TASK INPUT START

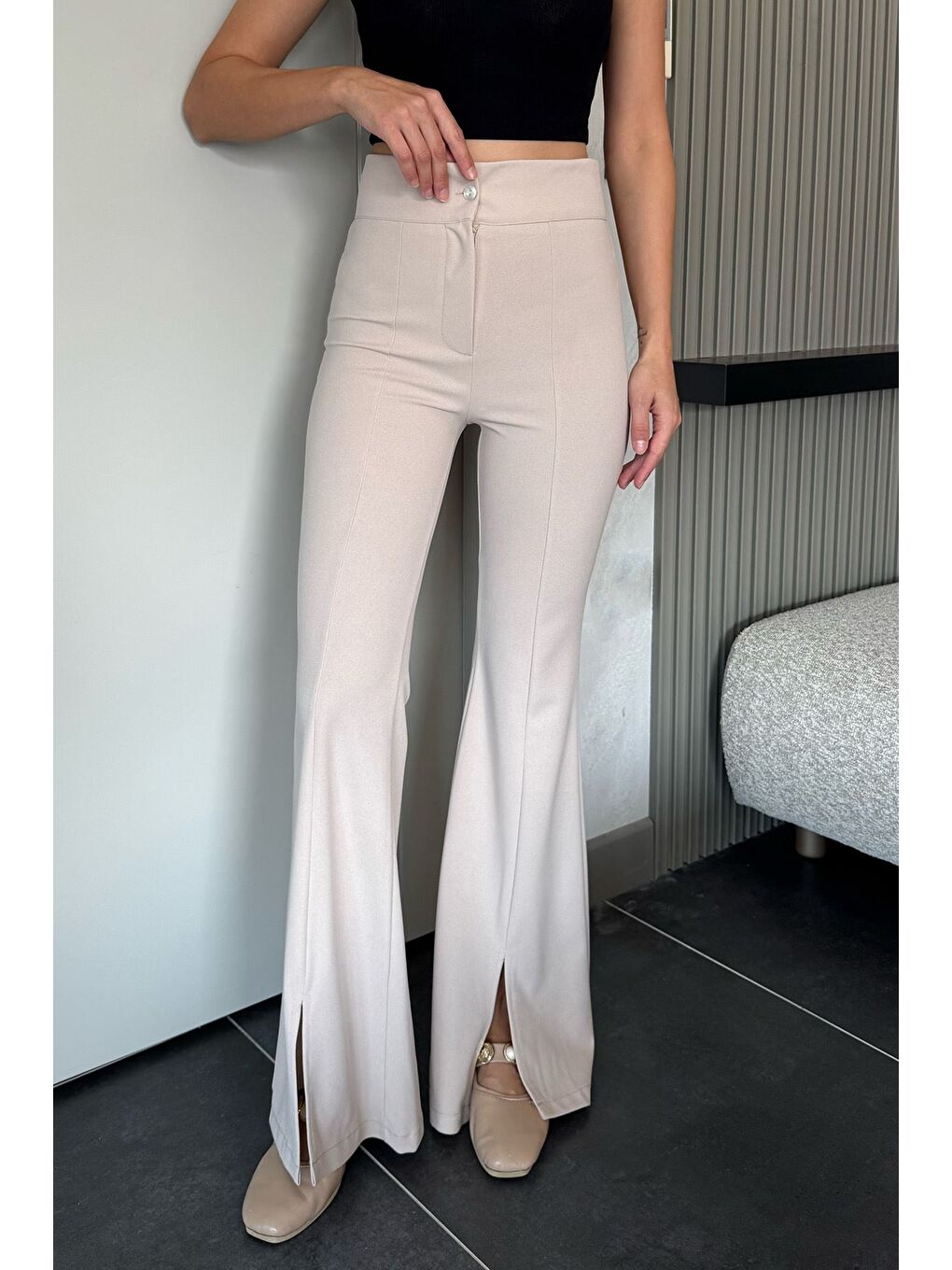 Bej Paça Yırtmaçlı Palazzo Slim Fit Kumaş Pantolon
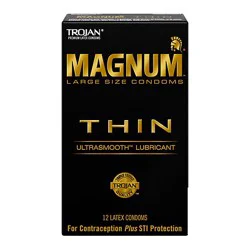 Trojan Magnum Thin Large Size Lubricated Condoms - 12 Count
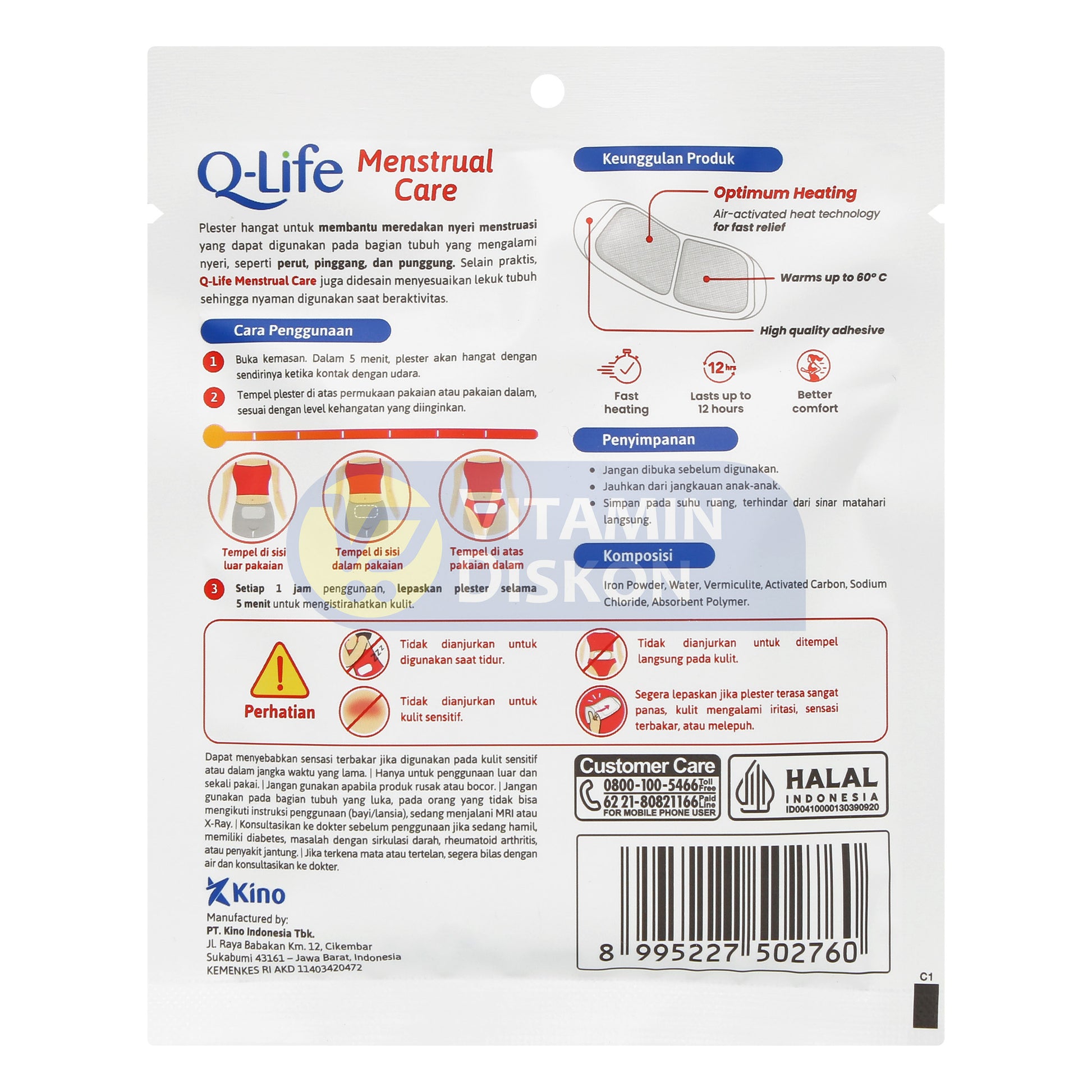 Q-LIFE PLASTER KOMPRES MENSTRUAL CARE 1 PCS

TASK INPUT END
TASK INPUT START

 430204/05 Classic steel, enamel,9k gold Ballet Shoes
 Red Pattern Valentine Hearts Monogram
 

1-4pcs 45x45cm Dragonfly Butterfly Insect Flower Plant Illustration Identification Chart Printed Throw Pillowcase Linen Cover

TASK INPUT END

In the entries above, which lines run from the one with "Trojan Magnum Thin" up to and including the one with "Q-LIFE PLASTER KOMPRES MENSTRUAL CARE 1 PCS"? Write them out exactly, without the pictures.

 Trojan Magnum Thin Large Size Lubricated Condoms - 12 Count
 Q-LIFE PLASTER KOMPRES MENSTRUAL CARE 1 PCS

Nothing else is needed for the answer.